━━━ DATA
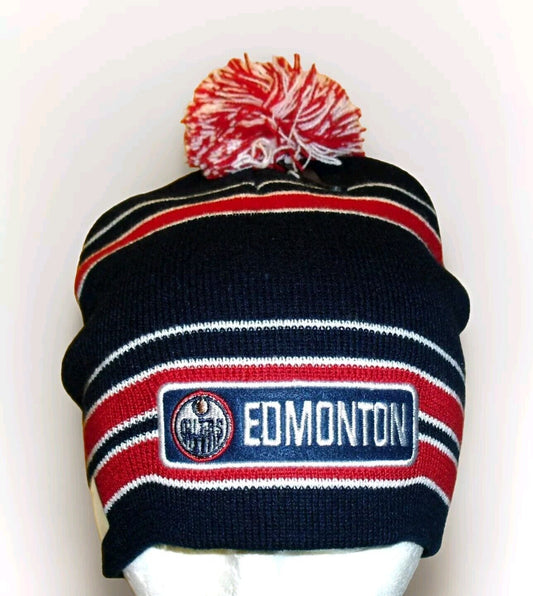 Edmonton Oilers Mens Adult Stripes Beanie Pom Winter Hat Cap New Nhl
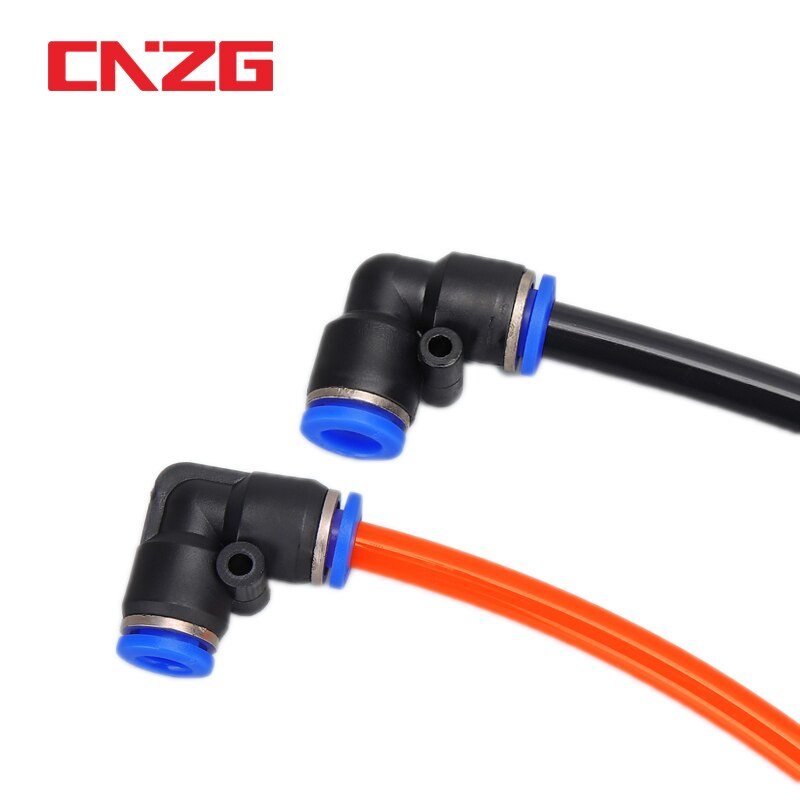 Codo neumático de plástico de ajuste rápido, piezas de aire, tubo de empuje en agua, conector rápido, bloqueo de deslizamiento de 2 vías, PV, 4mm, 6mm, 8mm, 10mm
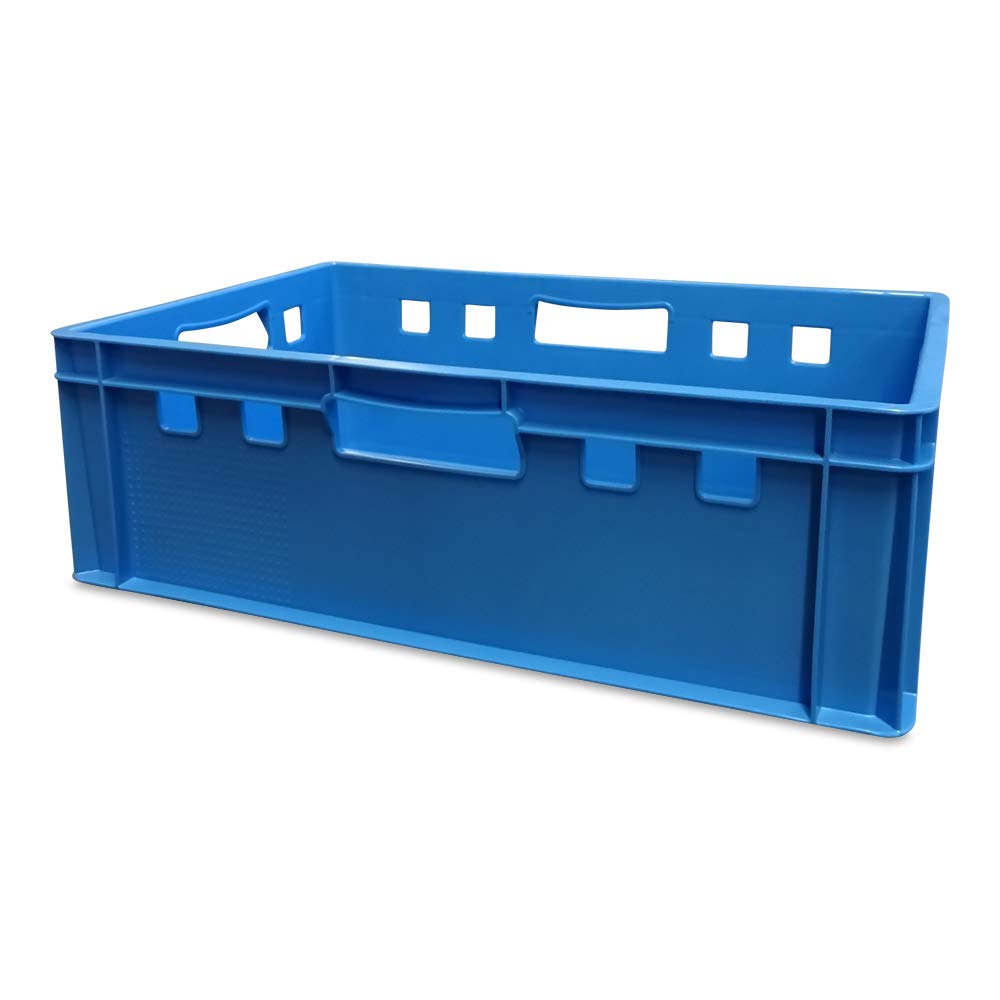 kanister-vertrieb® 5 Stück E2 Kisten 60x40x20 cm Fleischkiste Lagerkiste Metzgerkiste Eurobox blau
━━━━━━
> WHAT THE TASK ASKS
From the first line to the last, retype the data exactly, but omit every image.

> RESULT FOR THIS TASK
 Edmonton Oilers Mens Adult Stripes Beanie Pom Winter Hat Cap New Nhl
 Codo neumático de plástico de ajuste rápido, piezas de aire, tubo de empuje en agua, conector rápido, bloqueo de deslizamiento de 2 vías, PV, 4mm, 6mm, 8mm, 10mm
 kanister-vertrieb® 5 Stück E2 Kisten 60x40x20 cm Fleischkiste Lagerkiste Metzgerkiste Eurobox blau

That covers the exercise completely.